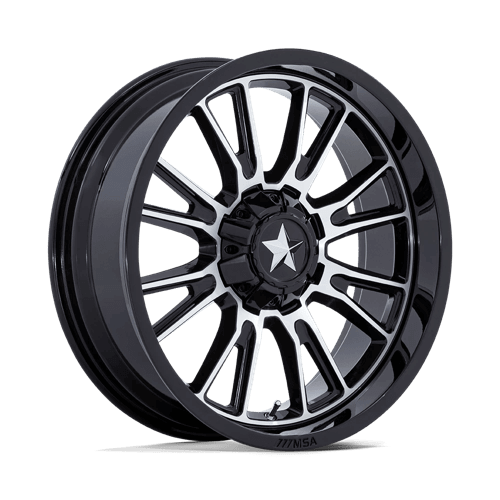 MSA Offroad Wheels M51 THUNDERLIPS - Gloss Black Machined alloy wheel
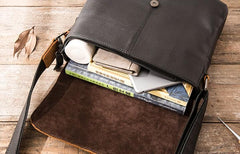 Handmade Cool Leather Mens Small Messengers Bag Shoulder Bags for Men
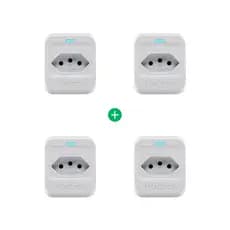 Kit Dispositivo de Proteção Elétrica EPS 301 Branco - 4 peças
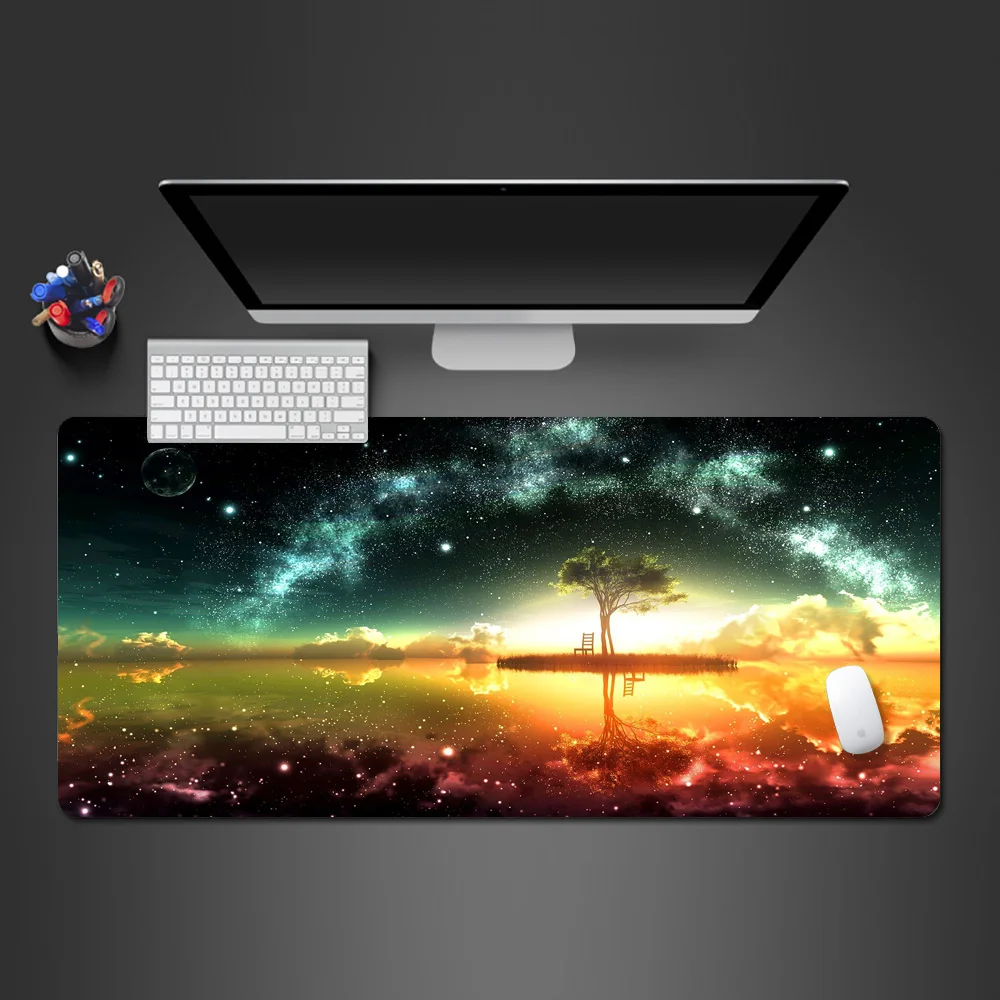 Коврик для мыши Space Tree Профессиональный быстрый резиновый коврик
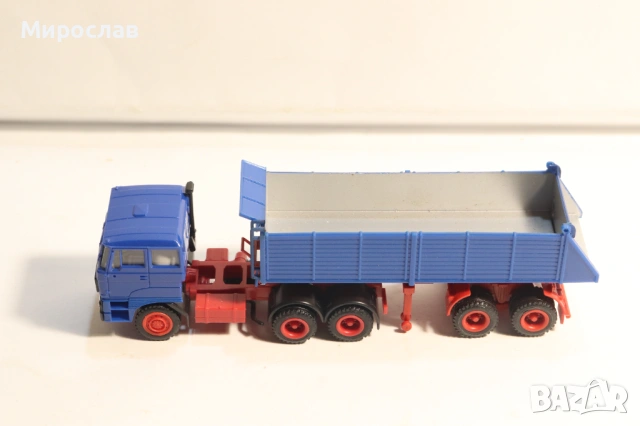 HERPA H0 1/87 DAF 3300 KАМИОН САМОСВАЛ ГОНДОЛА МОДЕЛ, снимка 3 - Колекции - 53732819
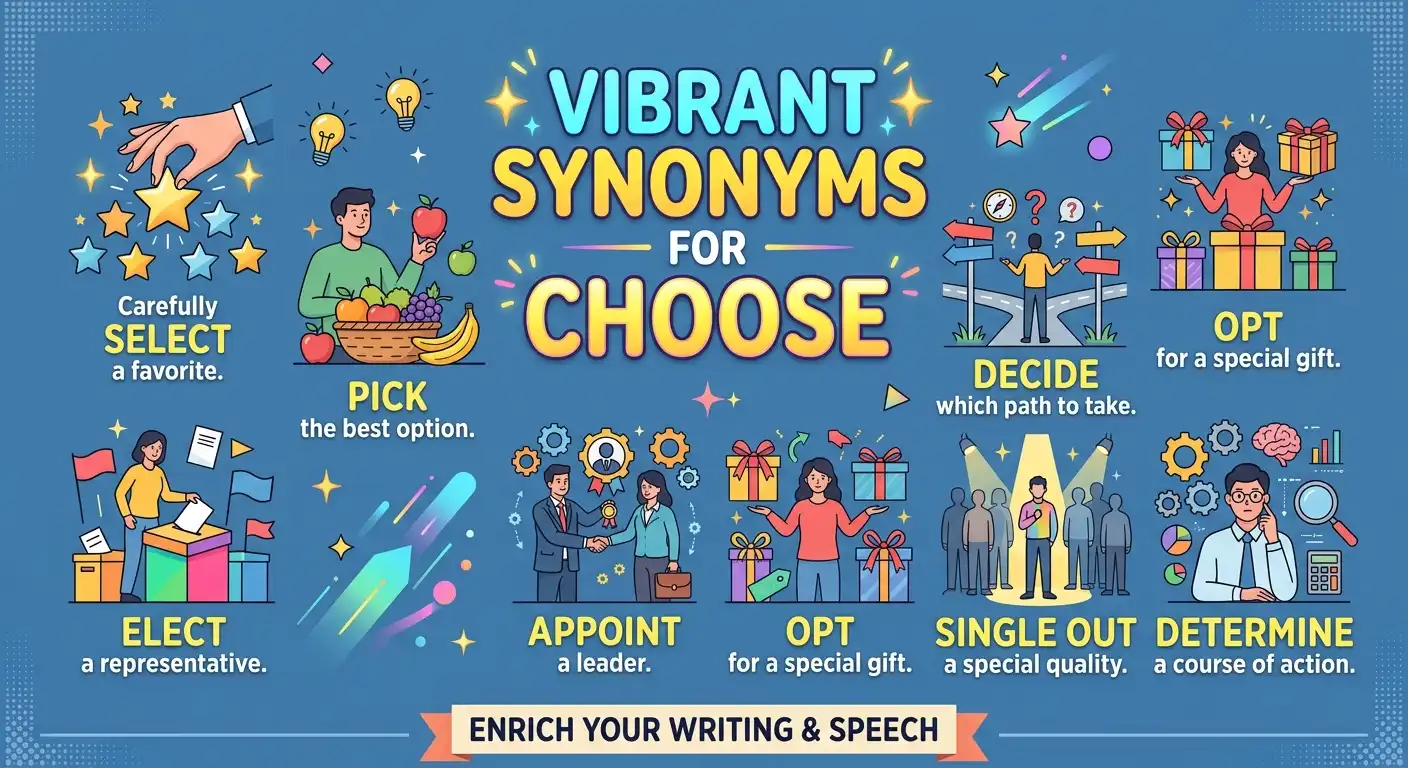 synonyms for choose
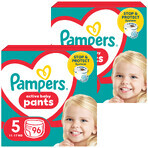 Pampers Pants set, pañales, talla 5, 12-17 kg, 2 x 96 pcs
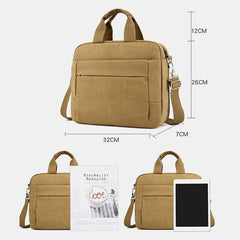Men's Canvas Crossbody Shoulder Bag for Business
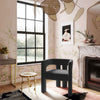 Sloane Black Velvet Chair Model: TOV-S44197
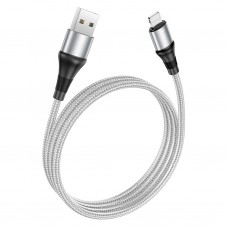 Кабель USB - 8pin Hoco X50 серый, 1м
——————————
What is needed:
A word-for-word copy of the listing is needed. It must not include the pictures.

Solution for this problem:
 MSA Offroad Wheels M51 THUNDERLIPS - Gloss Black Machined alloy wheel
 Handmade Cool Leather Mens Small Messengers Bag Shoulder Bags for Men
 Kit Dispositivo de Proteção Elétrica EPS 301 Branco - 4 peças
 Коврик для мыши Space Tree Профессиональный быстрый резиновый коврик
 HERPA H0 1/87 DAF 3300 KАМИОН САМОСВАЛ ГОНДОЛА МОДЕЛ, снимка 3 - Колекции - 53732819
 synonyms for choose
 Pampers Pants set, pañales, talla 5, 12-17 kg, 2 x 96 pcs
Men's Canvas Crossbody Shoulder Bag for Business
 Sloane Black Velvet Chair Model: TOV-S44197
 Кабель USB - 8pin Hoco X50 серый, 1м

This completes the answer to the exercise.